Here is James’s story….

james cotton

Agriculture is my life. My name is James Kanaley and I am a 5th generation farmer and agronomist from Illabo in southern NSW where my family has been farming for over 100 years.

Farming dominates my earliest childhood memories. Whether it was clunking around riding in the dusty old header cab harvesting wheat with dad or steering the old truck without reaching the pedals as the sheep followed behind gobbling up their rations of barley and lupins.

tree planting

Me with my two younger brothers and father, “helping” him plant trees in creek lines in the early 90s. This was common on our farm and others, aiming to improve vegetation areas whilst decreasing salinity and erosion problems initiated by previous generations.

I spent my childhood on our family farm, which is a mixed farming operation. On half of our farming area we grow crops of wheat, canola, lupins and barley. The remaining 50 percent of the area is sown down to lucerne-clover pasture for our merino sheep flock to graze on and produce fine wool. The entire farm is worked in rotation, each paddock will go through a cropping and a pasture phase. Our farm is set on picturesque undulating red-brown earth with a winter/spring dominant rainfall pattern – although we take it when we can get it!

Like any farmer’s son I grew up learning from my dad and was lucky to have an intelligent, hard working father who has taught me a lot over the years and still teaches me plenty today! I am the eldest of three boys and a farm is the perfect place for three brothers to run amok on, most of the time at the expense of our parents’ tolerance and energy. Although three boys with a lot of energy can come in very handy when you the kelpie working dog is out of action and the sheep need to be mustered up.

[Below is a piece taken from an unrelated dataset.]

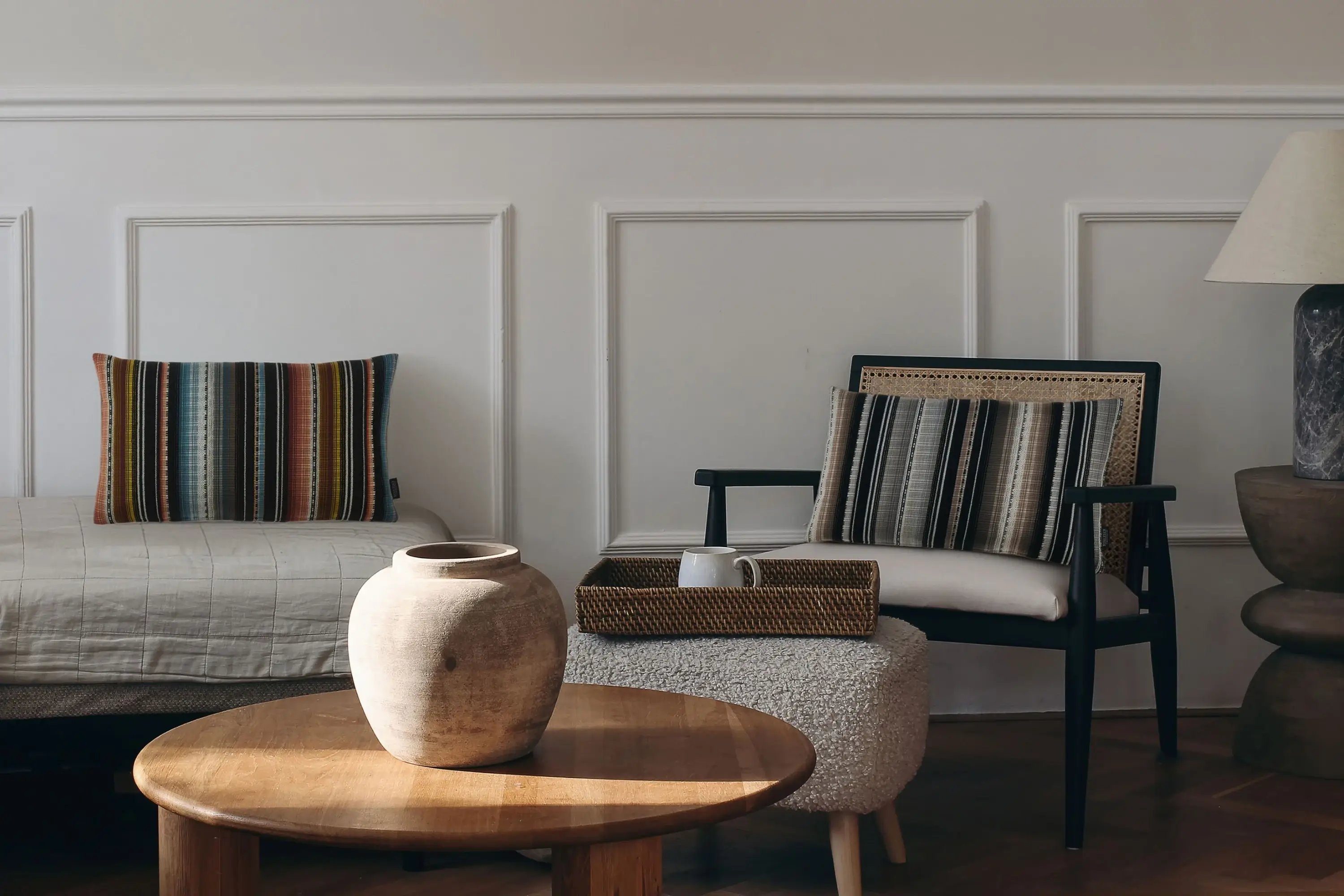 Gestreifte Kissen Maya aus der Tulum-Kollektion von Rohleder auf Sofa und Sessel.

I have always had a love for growing crops ever since I can remember. There’s nothing quite like growing a crop from seed, nurturing it through to harvest and turning the land you work into a productive food bowl. I can still remember how excited I got each harvest as a young fella as the headers fired up and burnt diesel day and night to bring the year’s crops in.

James Sowing

Planting a crop of grazing wheat on our family farm after some good autumn breaking rain, to be grazed by sheep and then taken through to harvest grain.

I also know how important our livestock are to our mixed farming system and will always have a soft spot for our merino sheep. I am a strong believer in diversification in farming systems and believe the strongest farming operations are able to optimise climatic and economic forecasts for agricultural commodities and manage their cropping and livestock enterprises to complement each other.

My first job outside the farm was at our local rural store. I sold agricultural chemicals, animal supplements, clothing, dog food and everything in between. We had one agronomist who would come back into the store covered in mud up to his knees telling us about what was going on out in the paddocks and enjoying having a laugh with the farmers. At the time I was only just learning what an agronomist was but this was the moment I realized the career I wanted to be in: Agronomy.

I attended the local high school in Junee and when I went to choose agriculture as one of my year 11 and 12 subjects I was told I was the only student choosing it. It was then I thought, why? We are in a strong agricultural area, how can I be the only student interested in agriculture? Agriculture is a way of life for our region and is the backbone of the local economy. Agriculture has always been one of my greatest passions. Why was an area that was rich in agriculture and dependent on the industry not attracting young people? By sharing my career journey I am hoping I can buck this trend and inspire other young people to aspire to agriculture related careers.

James Canola

Inspecting a very good canola crop flowering during September, spring is a spectacular time of year when all the canola is flowering.

After gaining entry to Charles Sturt University in Wagga Wagga to study Agricultural Science I decided to take a gap year and work for a year…

Then, on New Year’s Day 2006 a fierce and terrifying bushfire ripped through over 25,000 ha of prime farmland and our property, leaving nothing but ash and dust behind it. It was the middle of the drought and we had just had the first decent spring rainfall in years, which only added fuel to the fire. I spent a good portion of my gap year clearing trees, re-fencing and fixing up our devastated farm. The drought had already pushed and tested many farmers but even after the bushfire everyone remained positive. They kicked the charred earth and barren landscape but knew the autumn rains would come again and trigger a rush of green to blanket the slopes and plains once again.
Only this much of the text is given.